Read Books Online and Download eBooks, EPub, PDF, Mobi, Kindle, Text Full Free.
Rise Of The Labour Movement In Jamaica
Download Rise Of The Labour Movement In Jamaica full books in PDF, epub, and Kindle. Read online Rise Of The Labour Movement In Jamaica ebook anywhere anytime directly on your device. Fast Download speed and no annoying ads. We cannot guarantee that every ebooks is available!

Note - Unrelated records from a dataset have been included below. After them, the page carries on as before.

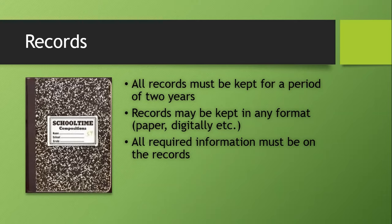Record keeping is a common area of noncompliance we come across during routine inspections. Records must be kept for two years — we'll never ask to see beyond two years. You can keep them in whatever format you prefer: paper spiral notebooks, spreadsheets, or software programs used by the lawn care industry. Whatever you use is fine as long as all the information is there. If keeping them digitally, make sure you can print them if paper copies are requested.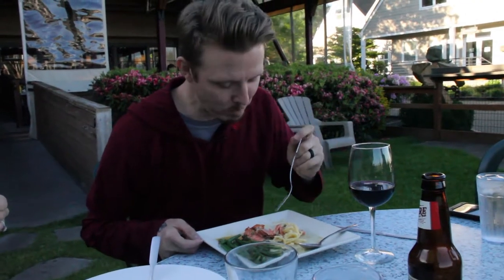Cheers to an amazing day in Seattle. I'm having myself a nice fresh-caught piece of salmon and enjoying a nice glass of wine at the end of the day.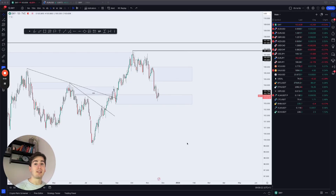A very good morning everyone and welcome to a new daily market outlook. Starting off with the dollar index.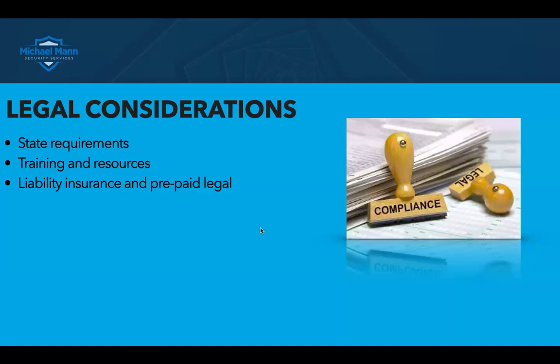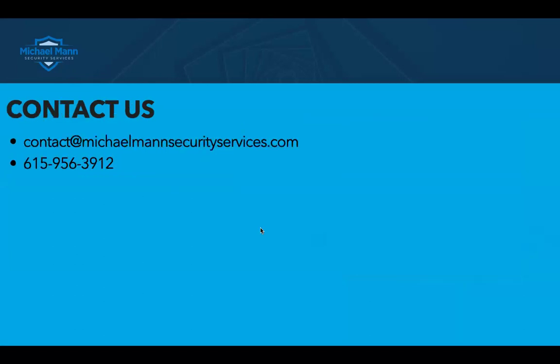Just things to think about with intermediate weapons for church security teams. You can contact us at michaelmannsecurityservice.com or get us at 615-956-3912. And remember folks, it is about prevention, not response.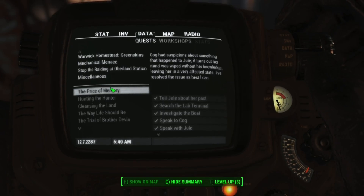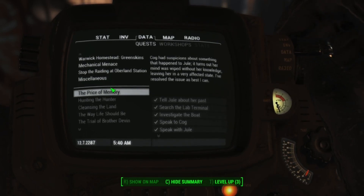Hey, what's up guys, it's Nate, and today in this video I'm going to be showing you how to find Jules' chest that she hid in the basement of Acadia.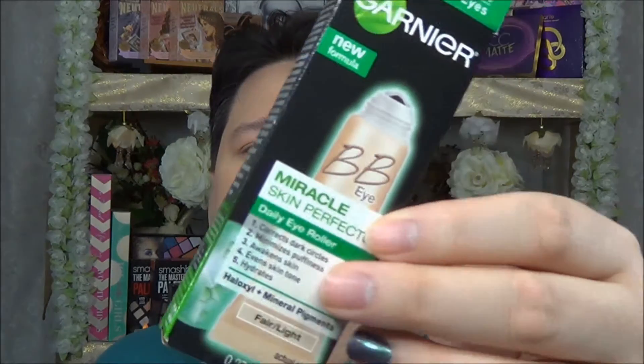The next thing I saw was this new Garnier BBI Miracle Skin Perfector — it's a daily eye roller. It says correct dark circles, minimizes puffiness, awakens skin, evens skin tone, and hydrates, in the color Fair to Light. There weren't many at the store, so I picked up two of them since the Garnier was on sale — about 25% off. Every penny makes a difference, especially with new things. It was on a display at the front and it's the BBI Perfector to revive tired eyes.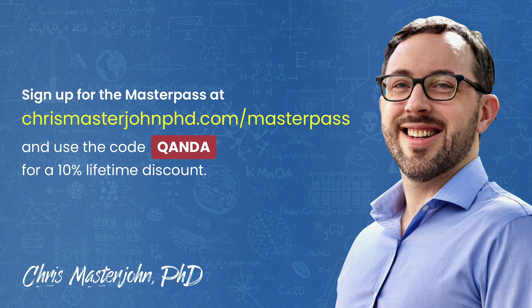If you'd like to participate in these Q&As, you can join the Masterpass at chrismasterjohnphd.com and use the code Q&A — spelled Q-A-N-D-A — for a 10% lifetime discount.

Book Synopsis Rise of the Labour Movement in Jamaica by : Orme Wheelock Phelps
Download or read book Rise of the Labour Movement in Jamaica written by Orme Wheelock Phelps and published by . This book was released on 1961 with total page 60 pages. Available in PDF, EPUB and Kindle. Book excerpt:
Book Synopsis Freedom's Children by : Colin A. Palmer
Download or read book Freedom's Children written by Colin A. Palmer and published by UNC Press Books. This book was released on 2014 with total page 433 pages. Available in PDF, EPUB and Kindle. Book excerpt: Freedom's Children: The 1938 Labor Rebellion and the Birth of Modern Jamaica
Book Synopsis Ideology and Class Conflict in Jamaica by : Abigail Bess Bakan
Download or read book Ideology and Class Conflict in Jamaica written by Abigail Bess Bakan and published by McGill-Queen's Press - MQUP. This book was released on 1990 with total page 200 pages. Available in PDF, EPUB and Kindle. Book excerpt: Abigail Bakan argues that there has been a recurrent ideological tradition of resistance to oppression among the black labouring classes in Jamaica. She reveals this pattern through analysis of three periods of mass resistance: the 1831 rebellion led by slaves, the revolt of 1865 in which former slaves demanded greater control over and entitlement to agricultural land, and the 1938 rebellion provoked by the Jamaican working class.

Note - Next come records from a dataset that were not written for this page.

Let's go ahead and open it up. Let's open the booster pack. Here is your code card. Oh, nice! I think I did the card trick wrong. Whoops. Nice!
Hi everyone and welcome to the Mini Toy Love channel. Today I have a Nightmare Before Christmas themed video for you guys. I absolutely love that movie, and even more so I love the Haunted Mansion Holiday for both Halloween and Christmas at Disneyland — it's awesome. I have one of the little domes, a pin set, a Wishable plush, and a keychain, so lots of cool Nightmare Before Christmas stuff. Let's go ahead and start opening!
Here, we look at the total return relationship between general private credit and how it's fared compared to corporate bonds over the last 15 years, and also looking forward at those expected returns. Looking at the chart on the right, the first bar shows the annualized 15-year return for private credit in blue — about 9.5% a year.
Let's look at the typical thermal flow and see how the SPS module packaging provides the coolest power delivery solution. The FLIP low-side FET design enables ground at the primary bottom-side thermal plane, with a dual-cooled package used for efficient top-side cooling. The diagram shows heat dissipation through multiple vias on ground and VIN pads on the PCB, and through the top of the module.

Book Synopsis Labour Rebellions of the 1930s in the British Caribbean Region Colonies by : Richard Hart
Download or read book Labour Rebellions of the 1930s in the British Caribbean Region Colonies written by Richard Hart and published by . This book was released on 2002-01-01 with total page 29 pages. Available in PDF, EPUB and Kindle. Book excerpt:
Book Synopsis Democratic Socialism in Jamaica by : Evelyne Huber Stephens
Download or read book Democratic Socialism in Jamaica written by Evelyne Huber Stephens and published by Princeton University Press. This book was released on 2017-03-14 with total page 444 pages. Available in PDF, EPUB and Kindle. Book excerpt: The work includes a detailed historical account of the Manley years, focusing on shifting relations between contending social forces and on the interaction between economics and politics. Originally published in 1986. The Princeton Legacy Library uses the latest print-on-demand technology to again make available previously out-of-print books from the distinguished backlist of Princeton University Press. These editions preserve the original texts of these important books while presenting them in durable paperback and hardcover editions. The goal of the Princeton Legacy Library is to vastly increase access to the rich scholarly heritage found in the thousands of books published by Princeton University Press since its founding in 1905.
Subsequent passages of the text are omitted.